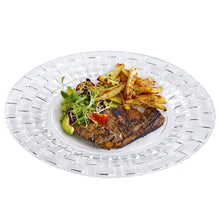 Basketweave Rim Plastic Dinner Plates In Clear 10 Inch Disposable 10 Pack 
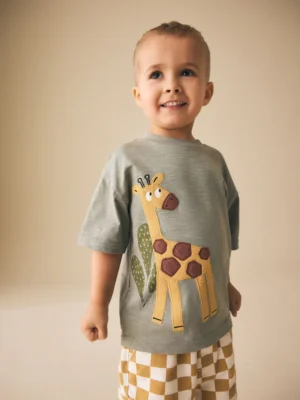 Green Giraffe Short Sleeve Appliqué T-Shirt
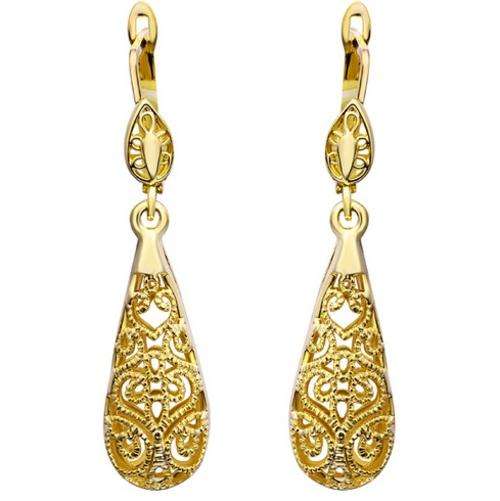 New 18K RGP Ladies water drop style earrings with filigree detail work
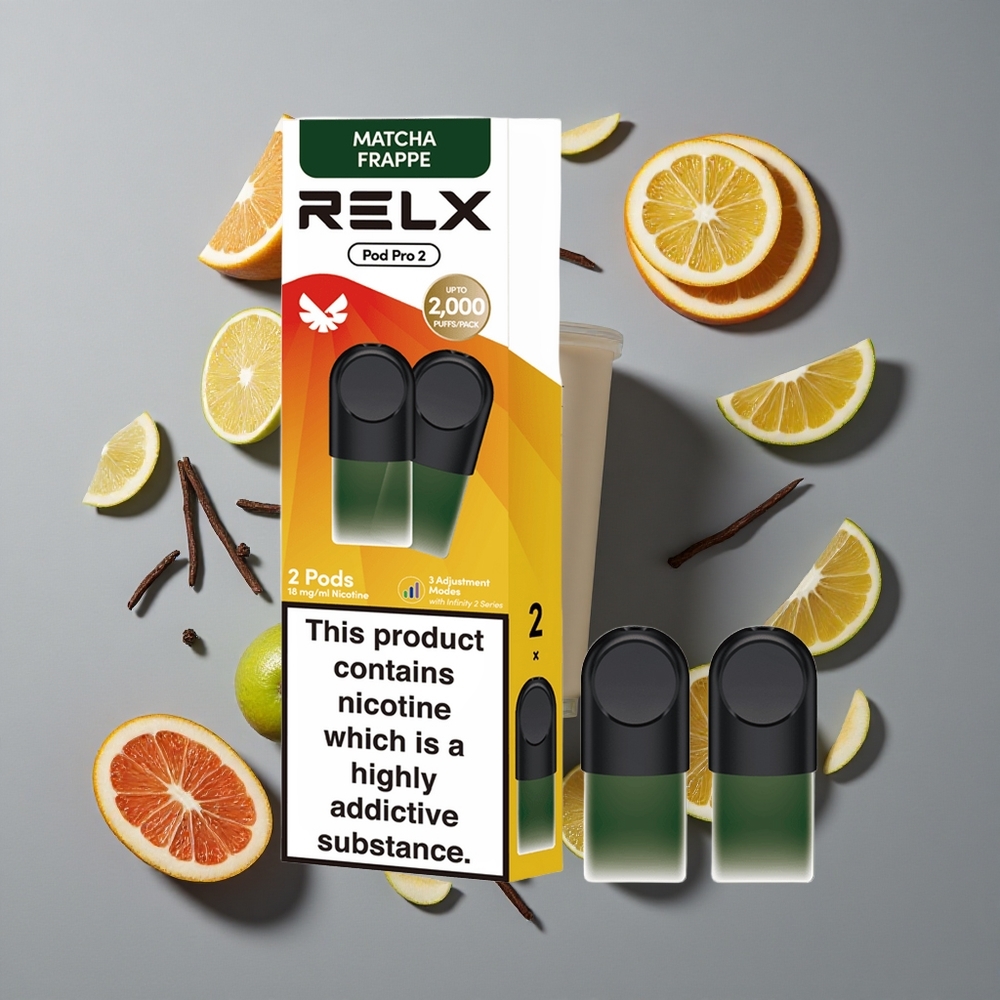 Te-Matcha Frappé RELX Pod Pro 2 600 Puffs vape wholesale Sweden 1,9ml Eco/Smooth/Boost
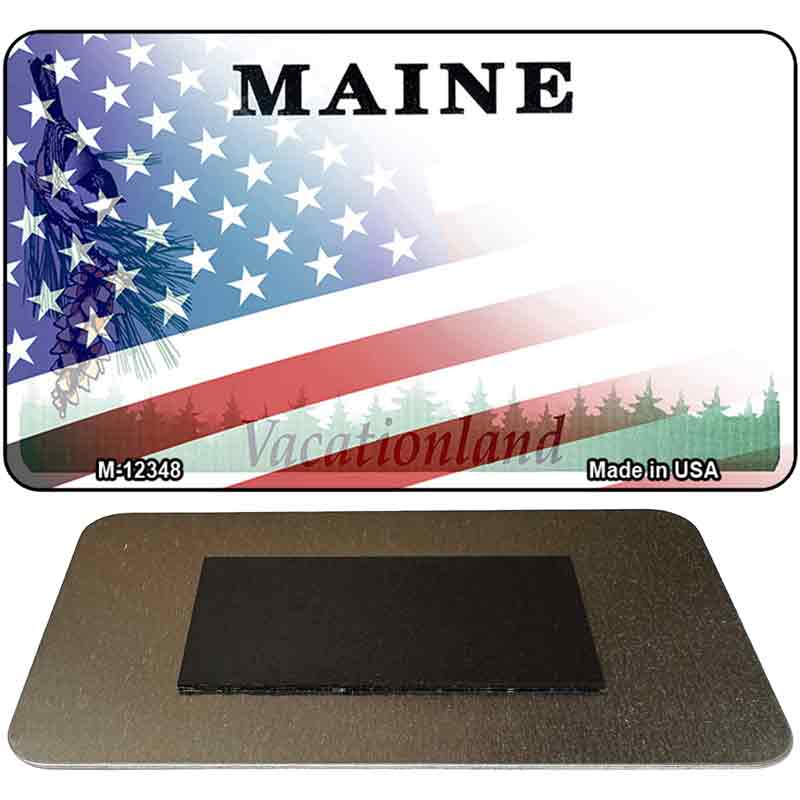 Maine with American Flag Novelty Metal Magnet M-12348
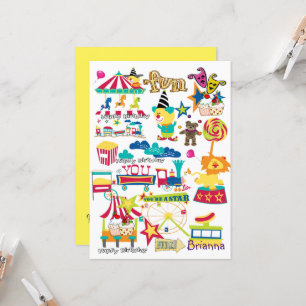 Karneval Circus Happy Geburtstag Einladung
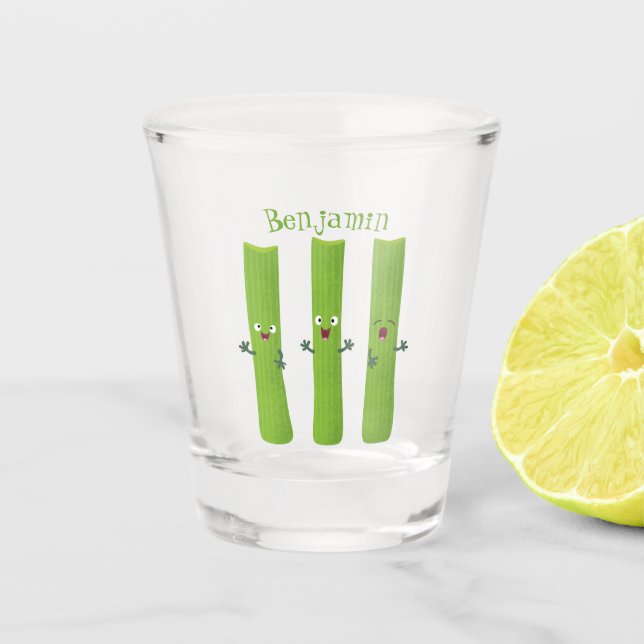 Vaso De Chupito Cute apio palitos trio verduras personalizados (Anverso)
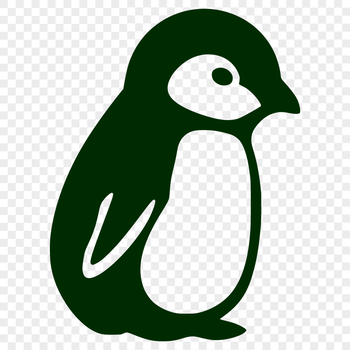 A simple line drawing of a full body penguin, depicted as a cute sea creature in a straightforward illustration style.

YOUR OBJECTIVE: Restate word for word the lines from the line with "Maine with American" to the last line of the records above, inclusive, and omit every picture.

SOLUTION TO THIS PROBLEM:
 Maine with American Flag Novelty Metal Magnet M-12348
 Karneval Circus Happy Geburtstag Einladung
 Vaso De Chupito Cute apio palitos trio verduras personalizados (Anverso)
 A simple line drawing of a full body penguin, depicted as a cute sea creature in a straightforward illustration style.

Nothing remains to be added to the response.